Provided material
____

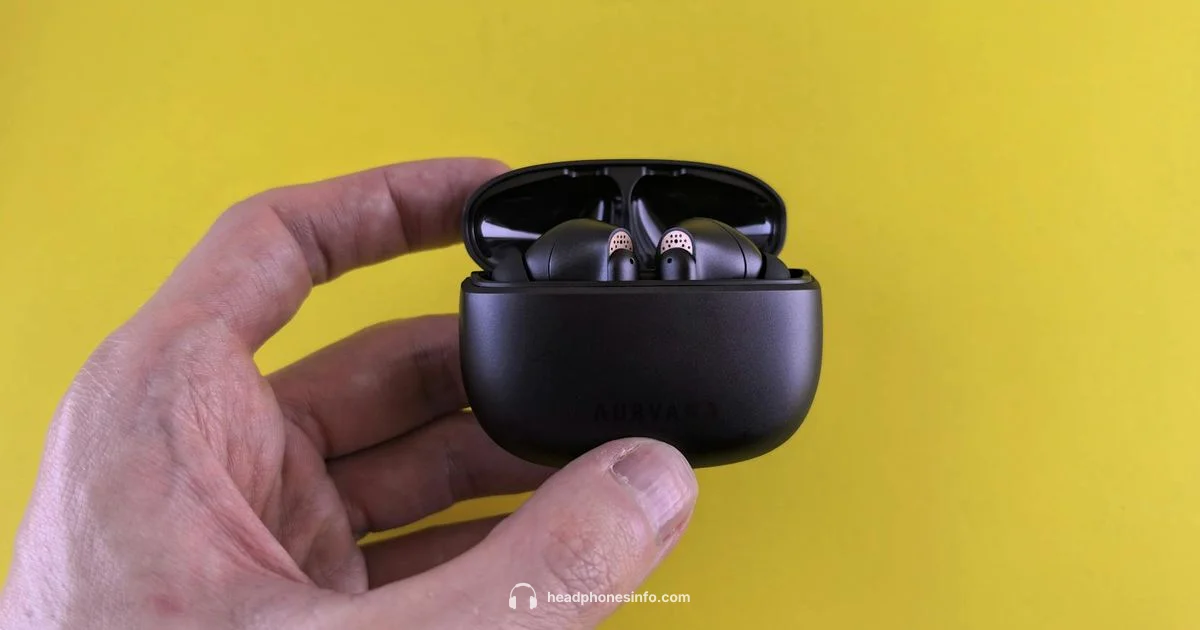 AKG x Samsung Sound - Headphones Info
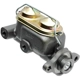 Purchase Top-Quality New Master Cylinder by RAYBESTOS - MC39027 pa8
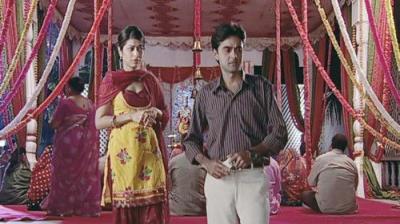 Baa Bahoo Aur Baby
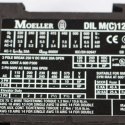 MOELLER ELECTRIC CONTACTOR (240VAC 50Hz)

____

Instructions for the task
Please copy out the whole listing exactly as it stands, minus the pictures.

Final answer
 AKG x Samsung Sound - Headphones Info
 Purchase Top-Quality New Master Cylinder by RAYBESTOS - MC39027 pa8
 Baa Bahoo Aur Baby
 MOELLER ELECTRIC CONTACTOR (240VAC 50Hz)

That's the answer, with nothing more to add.